An Adaptive Pencil Decomposition Library for NVIDIA GPUs

Introduction

cuDecomp is a library for managing 1D (slab) and 2D (pencil) parallel decompositions of 3D Cartesian spatial domains on NVIDIA GPUs, with routines to perform global transpositions and halo communications. The library is inspired by the 2DECOMP&FFT Fortran library, a popular decomposition library for numerical simulation codes, with a similar set of available transposition routines. While 2DECOMP&FFT and similar libraries in the past have been written to target CPU systems, this library is designed for GPU systems, leveraging CUDA-aware MPI and additional communication libraries optimized for GPUs, like the NVIDIA Collective Communication Library (NCCL) and NVIDIA OpenSHMEM Library (NVSHMEM).

Please refer to the documentation for additional information on the library and usage details.

This library is currently in a research-oriented state, and has been released as a companion to a paper presented at the PASC22 conference (link). We are making it available here as it can be useful in other applications outside of this study or as a benchmarking tool and usage example for various GPU communication libraries to perform transpose and halo communication.

Please contact us or open a GitHub issue if you are interested in using this library in your own solvers and have questions on usage and/or feature requests.

Build

Method 1: Makefile with Configuration file (deprecated)

To build the library, you must first create a configuration file to point the installed to dependent library paths and enable/disable features. See the default nvhpcsdk.conf for an example of settings to build the library using the NVHPC SDK compilers and libraries. The configs/ directory also contains several sample build configuration files for a number of GPU compute clusters, like Perlmutter, Summit, and Marconi 100.

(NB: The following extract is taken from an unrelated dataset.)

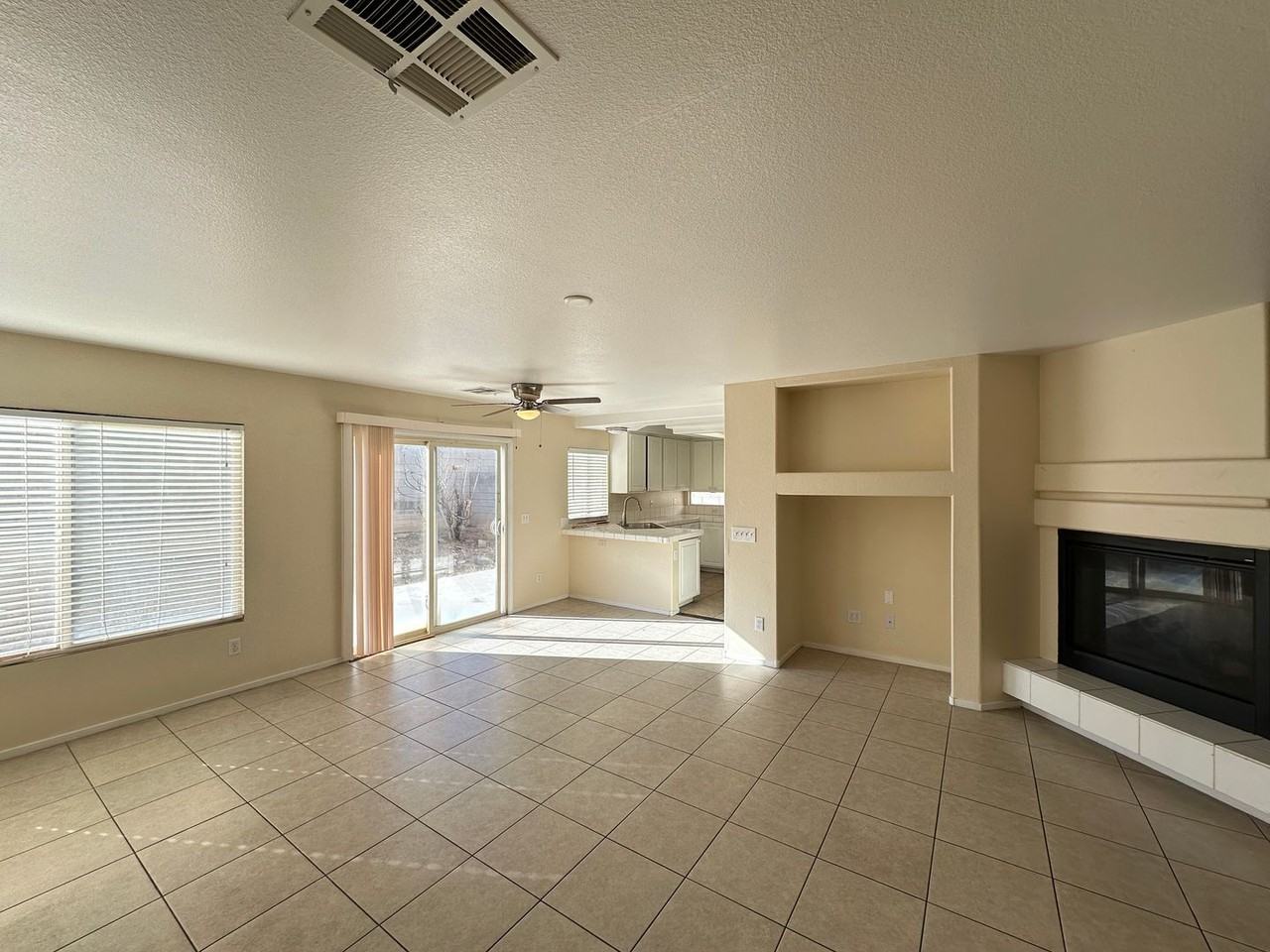 729 Persian Violet Ave - Photo 7 of 25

With this configuration file created, you can build the library using the command

$ make -j CONFIGFILE=<path to your configuration file>

The library will be compiled and installed in a newly created build/ directory. This build method is deprecated and will be removed in a future release.

Method 2: CMake (recommended)

We also enable builds using CMake. A CMake build of the library without additional examples/tests can be completed using the following commands

$ mkdir build
$ cd build
$ cmake ..
$ make -j

There are several build variables available to configure the CMake build which can be found at the top of the project CMakeLists.txt file. As an example, to configure the build to compile additional examples and enable NVSHMEM backends, you can run the following CMake command

$ cmake -DCUDECOMP_BUILD_EXTRAS=1 -DCUDECOMP_ENABLE_NVSHMEM=1 ..

Dependencies

We strongly recommend building this library using NVHPC SDK compilers and libraries, as the SDK contains all required dependencies for this library and is the focus of our testing. Fortran features are only supported using NVHPC SDK compilers.

One exception is NVSHMEM, which uses a bootstrapping layer that depends on your MPI installation. The NVSHMEM library packaged within NVHPC supports OpenMPI only. If you require usage of a different MPI implementation (e.g. Spectrum MPI or Cray MPICH), you need to either build NVSHMEM against your desired MPI implementation, or build a custom MPI bootstrap layer. Please refer to this NVSHMEM documentation section for more details.

Additionally, this library utilizes CUDA-aware MPI and is only compatible with MPI libraries with these features enabled.

License

This library is released under a BSD 3-clause license, which can be found in LICENSE.